## What you are asked to do
Within the entries below, please retype exactly the lines starting with the line that has "young beautiful woman" and going on through the line that has "En kvinna med", but not the pictures.

## Records provided
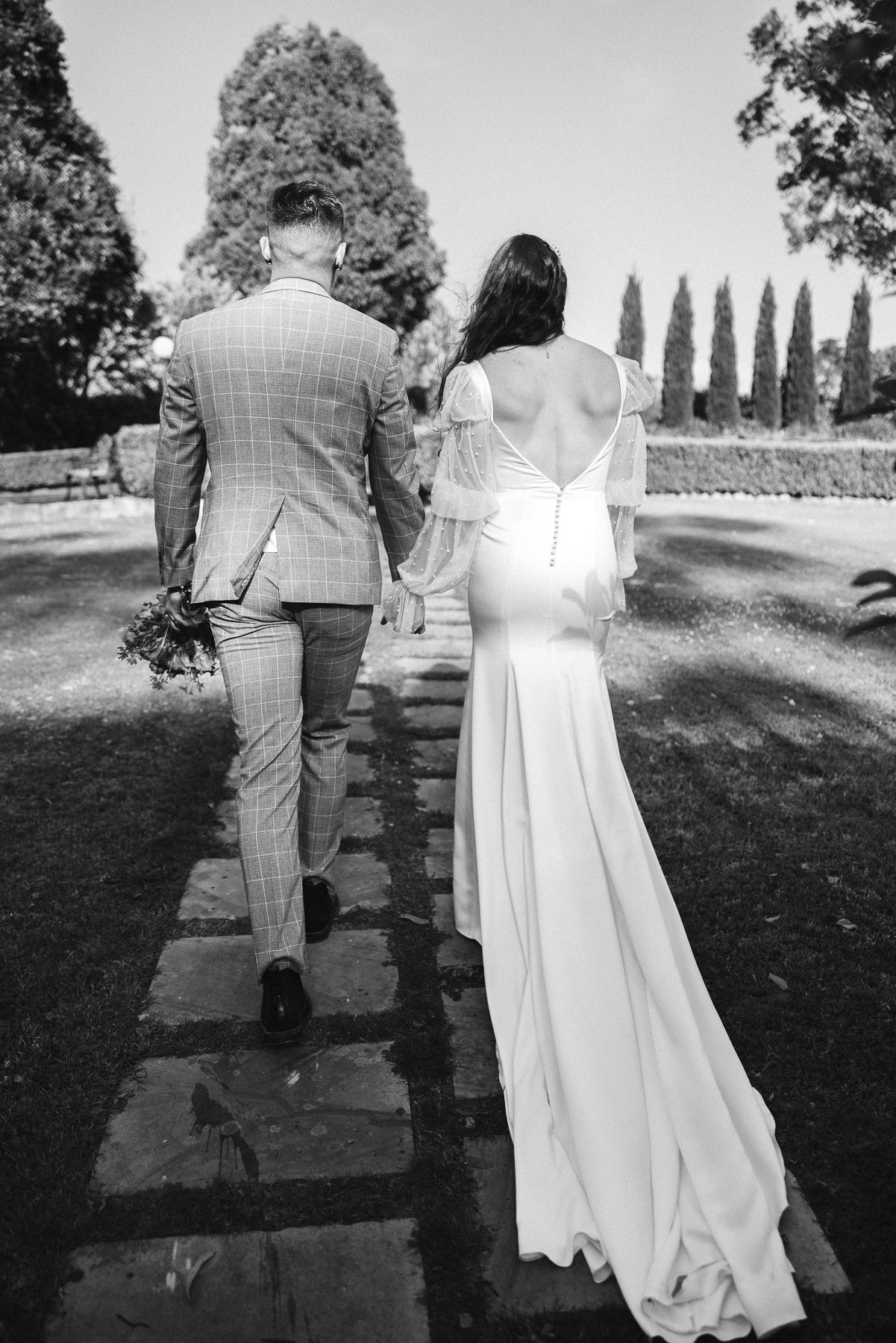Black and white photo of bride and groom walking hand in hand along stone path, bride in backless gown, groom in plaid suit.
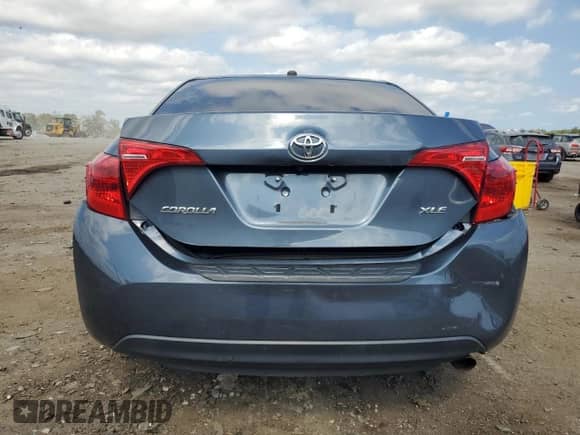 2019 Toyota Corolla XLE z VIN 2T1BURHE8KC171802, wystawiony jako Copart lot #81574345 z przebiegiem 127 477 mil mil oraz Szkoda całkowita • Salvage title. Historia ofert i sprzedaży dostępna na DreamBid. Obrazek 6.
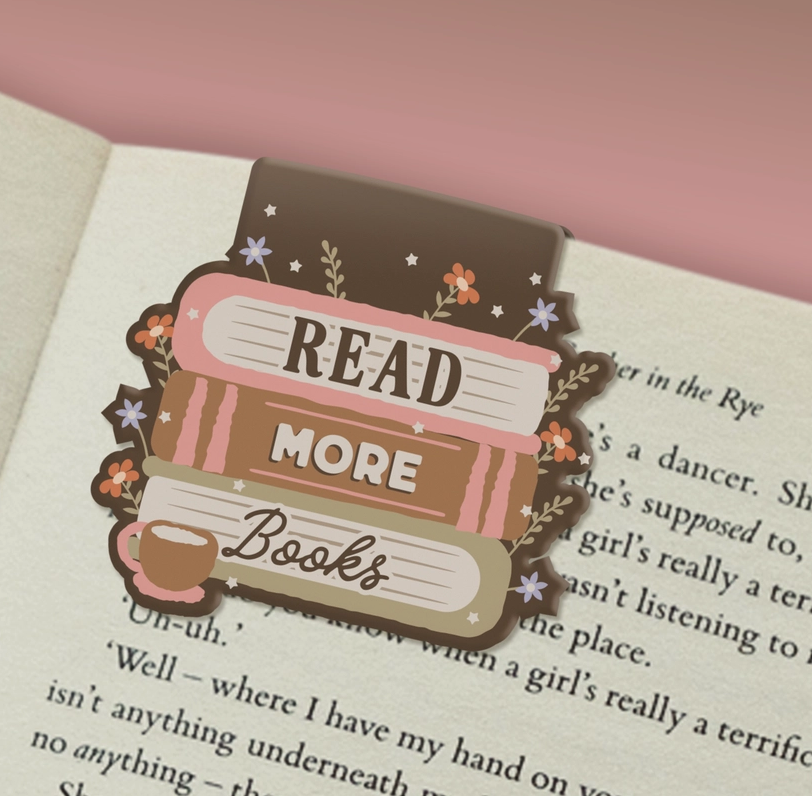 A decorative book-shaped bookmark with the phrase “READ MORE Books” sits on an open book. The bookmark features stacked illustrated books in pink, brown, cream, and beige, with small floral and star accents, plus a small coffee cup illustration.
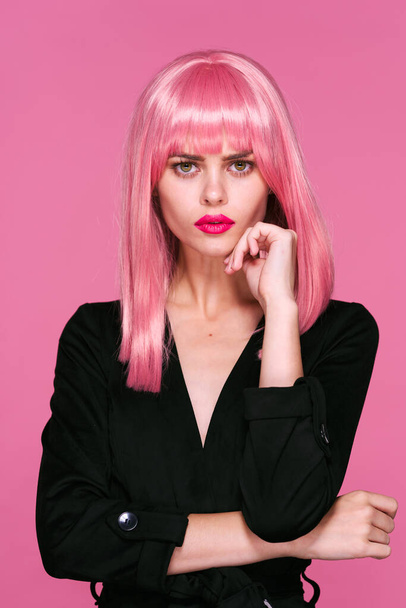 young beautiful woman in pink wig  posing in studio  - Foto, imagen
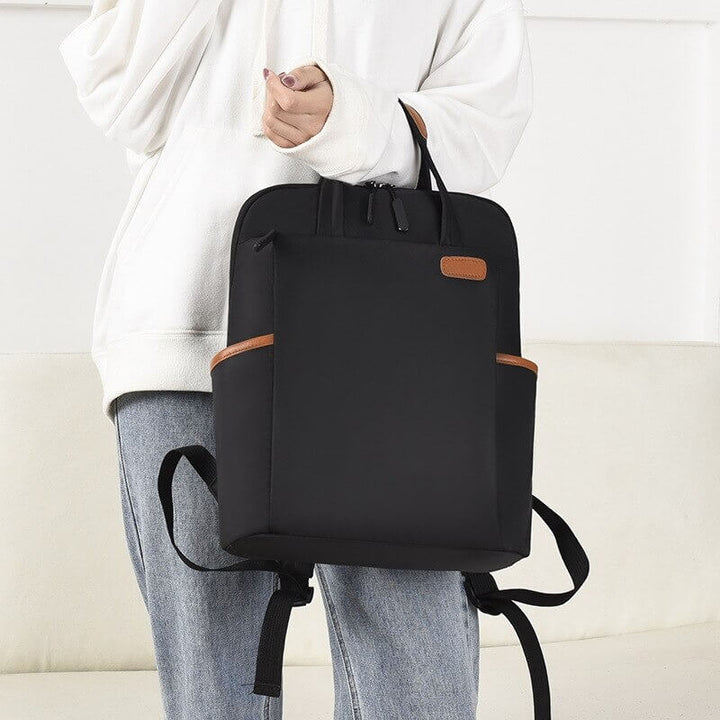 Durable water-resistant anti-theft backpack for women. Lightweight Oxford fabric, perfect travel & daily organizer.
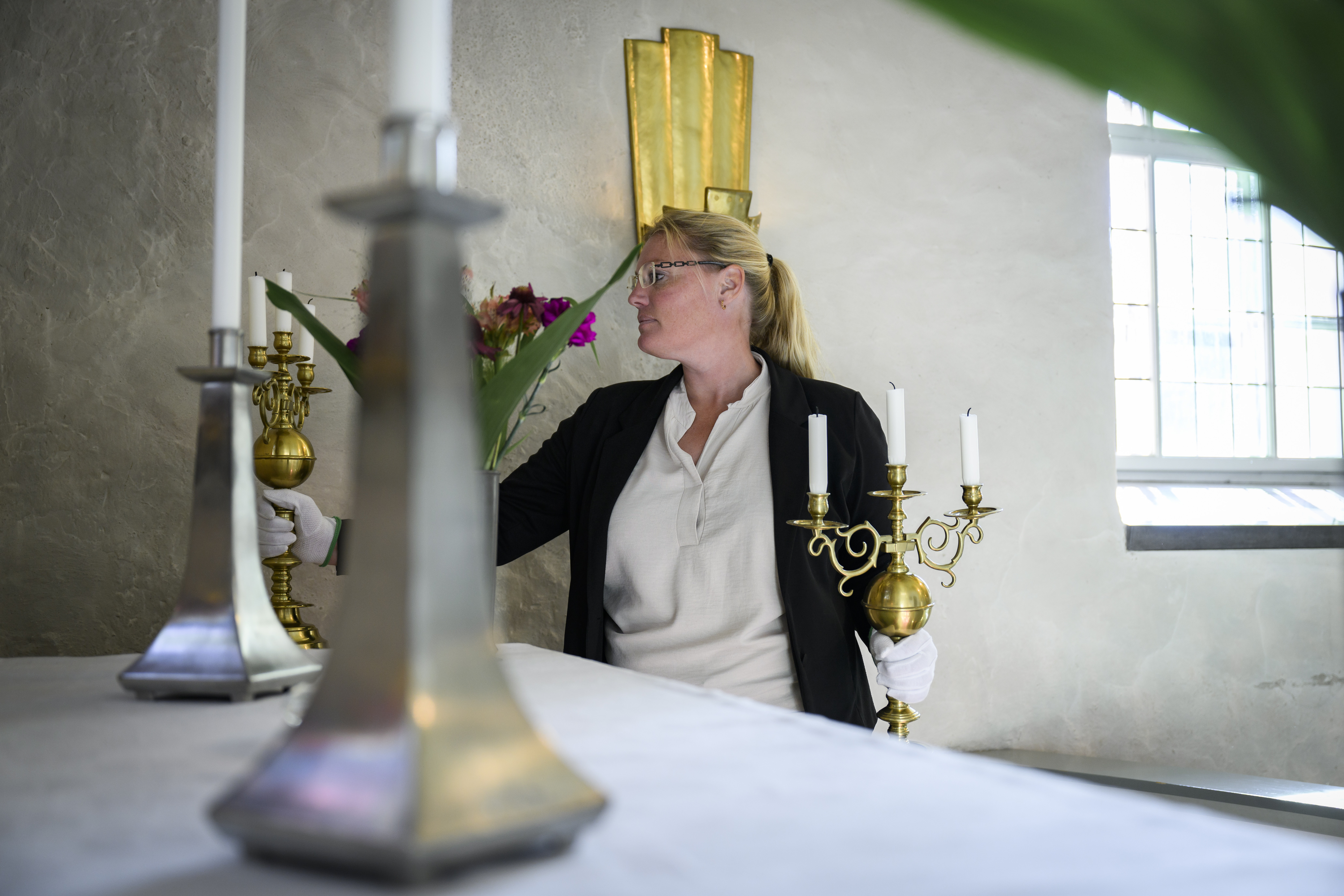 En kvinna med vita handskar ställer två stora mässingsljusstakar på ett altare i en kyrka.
* * *
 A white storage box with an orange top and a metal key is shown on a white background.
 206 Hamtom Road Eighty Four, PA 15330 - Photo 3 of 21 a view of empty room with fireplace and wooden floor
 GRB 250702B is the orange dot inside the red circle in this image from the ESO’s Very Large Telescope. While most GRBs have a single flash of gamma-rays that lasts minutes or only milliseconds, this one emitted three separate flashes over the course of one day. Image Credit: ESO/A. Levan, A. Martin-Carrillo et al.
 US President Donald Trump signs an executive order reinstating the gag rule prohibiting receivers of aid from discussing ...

## Written reply
 young beautiful woman in pink wig  posing in studio  - Foto, imagen
 Durable water-resistant anti-theft backpack for women. Lightweight Oxford fabric, perfect travel & daily organizer.
 En kvinna med vita handskar ställer två stora mässingsljusstakar på ett altare i en kyrka.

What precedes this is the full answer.